In 2004 McGann released a compilation CD entitled Light, which included three new songs as well as a themed selection of songs from previous albums. The CD is described as "songs of hope, healing and the spiritual journey", and was brought about at the request of an Alberta-based healer's collective which had been using McGann's songs in their work as inspiration for their clients.

Her seventh solo CD, Pocketful of Rhymes, was released late in 2010, and comprises an eclectic collection of original and traditional songs. This album garnered McGann a 2011 Canadian Folk Music Awards (CFMA) nomination as "Traditional Singer of the Year".

Some of her best-known songs include "Too Stupid for Democracy," a take on various political systems; "Requiem (for the Giants)," a lament for the loss of old-growth forests; "Turn It Around," a portrait of homelessness, and other songs on environmental, political and social themes, as well as songs on wilderness and canoeing. Her songs have been recorded by other artists (including Roy Bailey, Bram Taylor and Herdman-Hills-Mangsen) and included on compilation CDs in Britain, the US and Canada. Often her songs convey a woman's point-of-view, or are about women in history (i.e., "Isabella Gunn") and in mythology.

All of McGann's CDs have been released on her own independent Dragonwing Music record label, which she began in 1986. Aside from her first album, McGann has been producer of her own CDs, with sideman and partner David K co-producing and engineering the most recent four releases.

In addition to performing at folk clubs, halls and festivals, McGann also teaches at a variety of music camps, and does individual workshops in songwriting, vocal styles, and traditional song.

== Songbook ==

In October 2011, BerLen Music of Ontario released The Eileen McGann Songbook, with 50 of her written and recorded songs, as part of the "Essential Canadian Songwriter Series." Three of her songs were included in the "Rise Again" songbook.

== Visual Artist ==

McGann is also a painter of colourful, semi-representational landscapes and treescapes, mostly of Western Canada. She has exhibited in gallery shows on Vancouver Island and elsewhere in British Columbia. She also has paintings in collections throughout North America and Europe. Eileen's art is included, with a two-page colour spread, in the book "Green Art: Trees, Leaves, and Roots."
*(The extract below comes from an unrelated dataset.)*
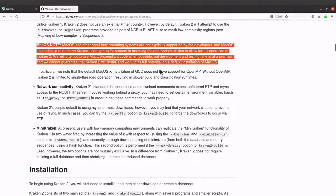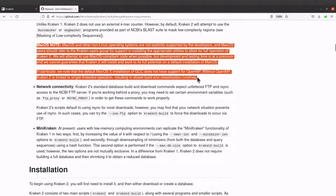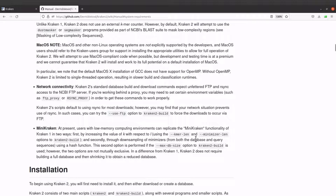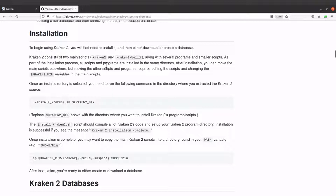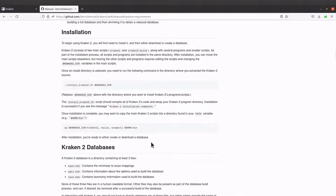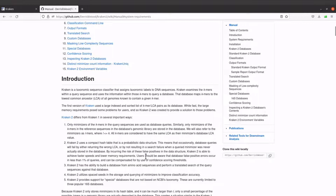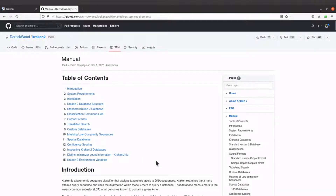I'll skip the non-Linux section because we are focusing on a Linux system. Now let's look at the installation instructions. We will find them here and follow these instructions to set Kraken up on our PC. Let's first get the source code — we will get it from the GitHub repo.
In addition to her painting, McGann draws Celtic knotwork. She teaches classes, tutorials, and workshops in visual art, including how to draw Celtic knotwork designs freehand at music and arts festivals.

== Discography ==

=== Studio albums ===

| Year | Album | Details |
|---|---|---|
| 2010 | Pocketful of Rhymes | *Dragonwing Music DRGN 118; |
| 2004 | Light | *Dragonwing Music DRGN 117; |
| 2001 | Beyond the Storm | *Dragonwing Music DRGN 116; |
| 1997 | Heritage | *Dragonwing Music DRGN 005; |
| 1995 | Journeys | *Dragonwing Music DRGN 113; |
| 1991 | Turn It Around | *Dragonwing Music DRGN 112; |
| 1987 | Elements | *Dragonwing Music DRGN 111; |

=== Other ===

As part of "Trilogy" (Eileen McGann, Cathy Miller and David K):

| Year | Album | Details |
|---|---|---|
| 1996 | Two Thousand Years of Christmas | *Dragonwing Music DRGN 114; |

== Publications ==

- The Eileen McGann Songbook, BerLen Music, Guelph, Ontario, 2011

== See also ==

- Stephen Fearing—Canadian folk singer-songwriter. Accompanies McGann on some of her recordings.
- William "Grit" Laskin—Canadian luthier and musician. Often accompanies McGann on her recordings.
- Loreena McKennitt—fellow Irish-Canadian female Celtic folksinger. They started out in the same timeframe, played many of the same venues in their early days, and appeared together on several early compilation recordings.
- Garnet Rogers—Canadian folk musician. They started out professionally in the same timeframe, played many of the same venues in their early days, and Garnet Rogers appeared on some of her early recordings.
- Oliver Schroer—Canadian fiddler. Appeared on several of her recordings (and assisted in their production).